Comp 353/453: Database Programming, Corboy 523, 7:00 Thursdays
Week 2, Jan 26
Read in Elmasri & Navathe (EN)
- Chapter 3, The Relational Data Model ...., section 3: Update Operations
- Chapter 4: Basic SQL
Homework 1
Due Fri, Feb 10
E&N chapter 4, page 112 exercises 4.7, 4.10abc and 4.12abcd.
For 4.7, note that there are seven referential-integrity (foreign-key) constraints listed:
1.
|
BOOK.Publisher_name |
⟶
|
PUBLISHER.Name |
2.
|
BOOK_AUTHORS.Book_id |
⟶
|
BOOK.Book_id |
3.
|
BOOK_COPIES.Book_id |
⟶
|
BOOK.Book_id |
4.
|
BOOK_COPIES.Branch_id |
⟶
|
LIBRARY_BRANCH.Branch_id |
5.
|
BOOK_LOANS.Book_id |
⟶
|
BOOK.Book_id |
6.
|
BOOK_LOANS.Branch_id |
⟶
|
LIBRARY_BRANCH.Branch_id |
7.
|
BOOK_LOANS.Card_no |
⟶
|
BORROWER.Card_no |
For 4.10 and 4.12, note that your queries should work even if more data
is added to the tables. Also, your answers should be in the form of a
single query; do not retrieve a value with one query and then manually plug that value into a second query.
All SQL should be entered in a format that I can copy and paste directly into a mysql window. In
particular, make sure there are no leading tabs or spaces, and that all
"prompt" characters such as "->" have been stripped out.
NoSQL example
The native database used by the Asterisk phone switch consists of
tables (actually called "families") that are ⟨key,value⟩ pairs.
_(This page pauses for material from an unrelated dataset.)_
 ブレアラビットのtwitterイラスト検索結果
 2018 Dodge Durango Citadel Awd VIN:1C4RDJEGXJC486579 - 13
Neither
the key nor the value need be atomic, or for that matter the same type
as other entries. (This is done for simplicity, not because the DB is huge.)
Section 3.2: DB constraints
- inherent constraints
- schema-based (explicit) constraints
- NOT NULL
- primary key
- foreign key
- CHECK
- Triggers
- semantic constraints (business logic)
The COMPANY database
Schema: EN p 71
Data: EN p 72
basic table definitions
table definitions plus data, with ALTER
Spreadsheet
zip file
As stated above, a join is the operation of creating all records merged from two (or
more) tables, where one attribute of one table is required to be equal
to a corresponding attribute of another.
Examples:
University:
- Printing all of each student's grades, by joining the Student_number fields of STUDENT and GRADE_REPORT
- Printing all sections including Course_name, joining COURSE and SECTION on the Course_number field
Company:ind the project, controlling department and department-manager name, etc for every project located in Stafford
- Printing the name and address of all employees who work in the 'Research' dept (Query1 on EN p 100)
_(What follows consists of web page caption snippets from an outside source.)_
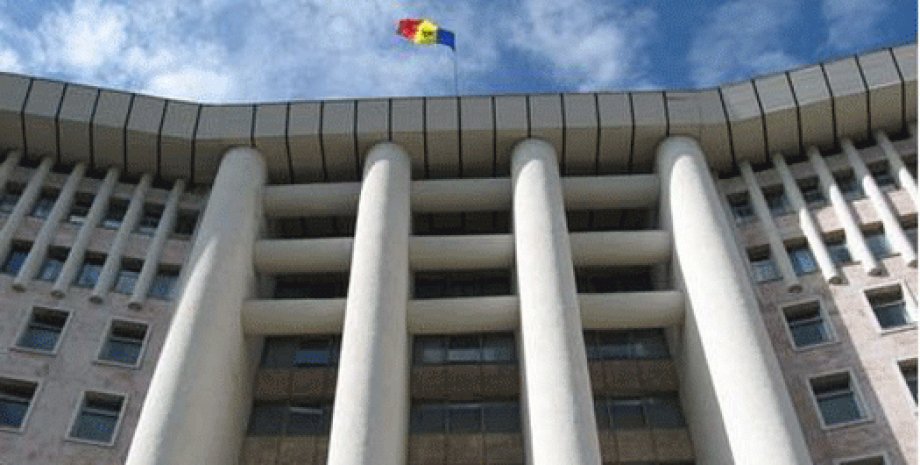 Парламент Молдовы / Фото: geoid.ru
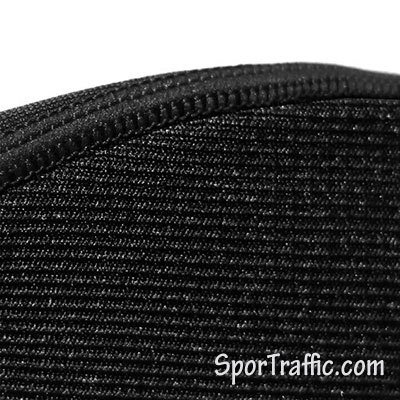 ELITE Sand Socks Black - Best beach volleyball protection - Vincere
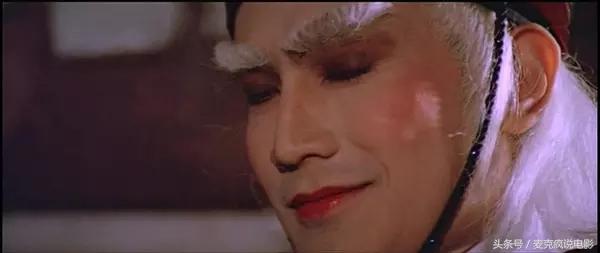 盘点港片八大经典太监角色，看看谁演得最惟妙惟肖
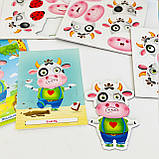 Гра магнітна Емоції, фото 5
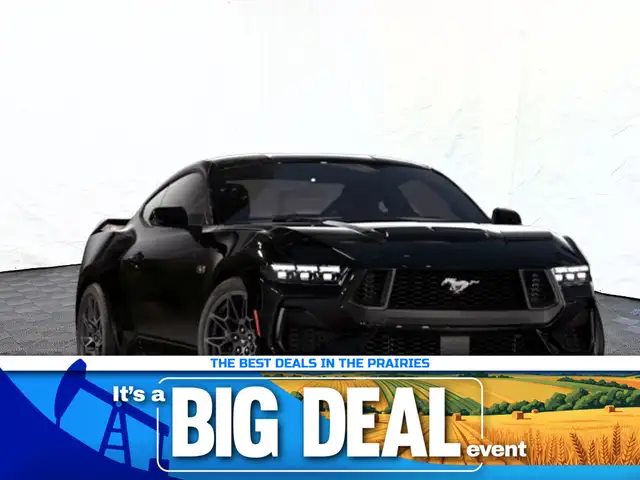 2026 Ford Mustang GT PREMIUM | GT PERFORMANCE PACKAGE| B&O AUDIO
- Printing the project number, dept number, and the dept manager's
name, for all projects located in 'Stafford' (Query 2 on EN p 100)
- Printing each employee's name and his or her supervisor's name (Query 8, EN p 101)
A full Cartesian product would be denoted in SQL by, eg,
select * from employee, department;
where there is no WHERE clause establishing a relation between the two tables.
Note on join: it is conceptually somewhat inefficient. Lots of behind-the-scenes optimization makes it fast.
More on keys
A KEY is any set of columns that is guaranteed to uniquely determine a row. Notice that this is really a constraint about
row-insertion.
A table may have several keys. One of them is designated the primary key;
this is the key that the DBMS most likely uses for internal indexing
(and that the database developer thinks is the most important). It is
usually a single attribute, if there exists any such key. Frequently it
is a synthesized key; ie a unique serial number assigned by the DBMS.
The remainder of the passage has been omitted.